While we don’t like to admit it, one of the biggest reasons may be that voters just don’t care that much about climate change and other environmental issues.
Poll after poll of likely voters in almost any election – from city council up to president – shows that when you ask voters to list the issues they care about most, climate change and other environmental issues are almost always close to the bottom.
This is a big problem.
The lack of voter “demand” for environmental leadership has a huge impact on policymaking because politicians spend much of their time polling voters to see what they care about.
And if voters don’t care about the environment, why on earth would we expect politicians to?

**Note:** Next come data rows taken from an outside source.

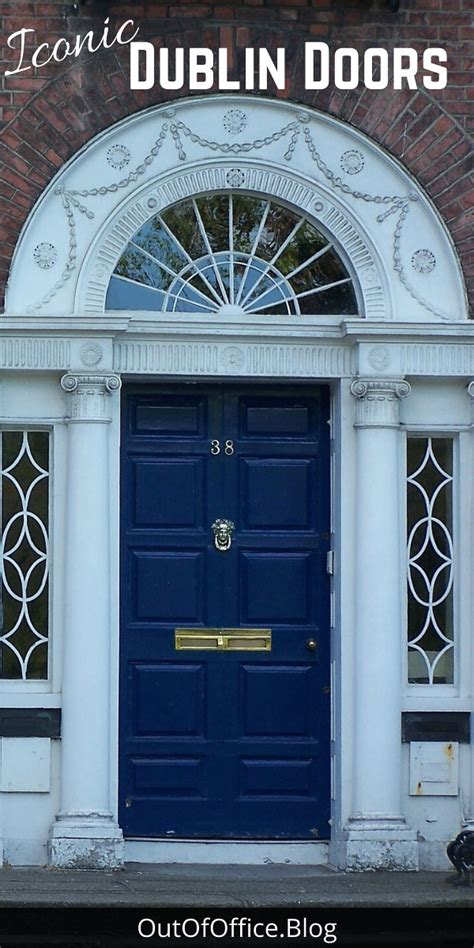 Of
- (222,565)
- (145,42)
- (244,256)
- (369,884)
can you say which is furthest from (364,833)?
(145,42)

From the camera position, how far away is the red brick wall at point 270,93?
10.1m

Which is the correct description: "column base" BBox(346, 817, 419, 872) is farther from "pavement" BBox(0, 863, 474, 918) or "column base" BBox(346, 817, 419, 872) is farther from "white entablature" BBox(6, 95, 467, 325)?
"white entablature" BBox(6, 95, 467, 325)

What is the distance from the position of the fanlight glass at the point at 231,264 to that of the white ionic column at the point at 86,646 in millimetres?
620

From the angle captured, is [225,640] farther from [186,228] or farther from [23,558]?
[186,228]

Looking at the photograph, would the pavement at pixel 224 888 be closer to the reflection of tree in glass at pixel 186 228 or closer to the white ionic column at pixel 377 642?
the white ionic column at pixel 377 642

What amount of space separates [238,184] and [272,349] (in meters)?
0.95

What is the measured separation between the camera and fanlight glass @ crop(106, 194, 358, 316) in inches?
409

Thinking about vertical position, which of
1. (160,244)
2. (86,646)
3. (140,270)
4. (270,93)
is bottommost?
(86,646)

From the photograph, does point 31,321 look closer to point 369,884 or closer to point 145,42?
point 145,42

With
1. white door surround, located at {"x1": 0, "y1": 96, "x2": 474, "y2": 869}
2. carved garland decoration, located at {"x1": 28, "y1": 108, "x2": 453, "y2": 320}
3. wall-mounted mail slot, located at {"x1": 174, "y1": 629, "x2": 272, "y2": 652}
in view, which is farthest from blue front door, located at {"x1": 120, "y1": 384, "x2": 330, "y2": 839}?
carved garland decoration, located at {"x1": 28, "y1": 108, "x2": 453, "y2": 320}

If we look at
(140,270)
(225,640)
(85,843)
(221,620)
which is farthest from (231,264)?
(85,843)

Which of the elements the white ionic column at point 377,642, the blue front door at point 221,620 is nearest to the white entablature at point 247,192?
the white ionic column at point 377,642

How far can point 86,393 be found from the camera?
10.2m

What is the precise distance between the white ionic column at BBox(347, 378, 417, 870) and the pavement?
200mm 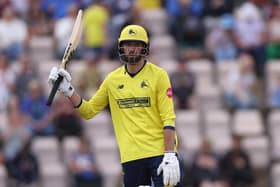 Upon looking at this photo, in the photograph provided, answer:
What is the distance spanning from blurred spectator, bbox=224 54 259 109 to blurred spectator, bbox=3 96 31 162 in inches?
128

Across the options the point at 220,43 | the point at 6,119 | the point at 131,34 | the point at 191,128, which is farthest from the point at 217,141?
the point at 131,34

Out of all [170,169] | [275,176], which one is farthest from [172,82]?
[170,169]

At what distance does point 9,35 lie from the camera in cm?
1973

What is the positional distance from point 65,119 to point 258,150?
2987mm

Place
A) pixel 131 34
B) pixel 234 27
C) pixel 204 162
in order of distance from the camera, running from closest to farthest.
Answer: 1. pixel 131 34
2. pixel 204 162
3. pixel 234 27

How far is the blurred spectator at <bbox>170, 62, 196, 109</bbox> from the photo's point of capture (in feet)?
61.5

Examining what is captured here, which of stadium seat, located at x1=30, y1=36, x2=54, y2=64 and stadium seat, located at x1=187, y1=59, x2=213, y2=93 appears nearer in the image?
stadium seat, located at x1=187, y1=59, x2=213, y2=93

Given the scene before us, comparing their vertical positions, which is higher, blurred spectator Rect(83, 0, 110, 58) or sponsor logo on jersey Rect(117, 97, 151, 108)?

But wait – there’s some good news:
The Environmental Voter Project has discovered that there are actually millions of Americans who deeply care about climate change, conservation, clean air, clean water, and other environmental issues. But here’s the thing: these people don’t vote and so they never show up in “likely voter” polls or on politicians’ radar screens.
In fact, the Environmental Voter Project has identified over 15 million environmentalists who don’t vote.
I know, I know. You’re probably saying “THIS is the good news?”
Yes, this is good news. Here’s why:
Our research reveals that there are millions of people who already care deeply about the environment, which means that the environmental movement doesn’t necessarily have a “persuasion” problem; instead, we have a “turnout” problem.
And voter turnout problems are much easier to solve than voter persuasion problems.
Recent studies have shown that trying to persuade climate deniers to change their minds not only (usually) doesn’t work, but it often makes them dig their heels in and become even more intractable (the so-called “backfire effect”).
Alternatively, getting the 15.78 million already persuaded environmental non-voters to alter their habits just a bit and start voting is relatively cheap and simple. We can do this in two ways.
First, big data analytics and predictive modeling allow us to identify people based on the issues they prioritize and their voting histories.
Second, a new generation of behavioral scientists is testing cheap, scalable, and effective techniques to motivate people to vote, often for the first time.
These are the cutting-edge tools that the Environmental Voter Project uses to find, register, and mobilize non-voting environmentalists, and we’re confident that the same tools will soon be used to mobilize other groups who are under-represented in electoral politics.
Most importantly, these tools should give us hope – hope that we already have an environmental majority. Now let’s get to work engaging and mobilizing them.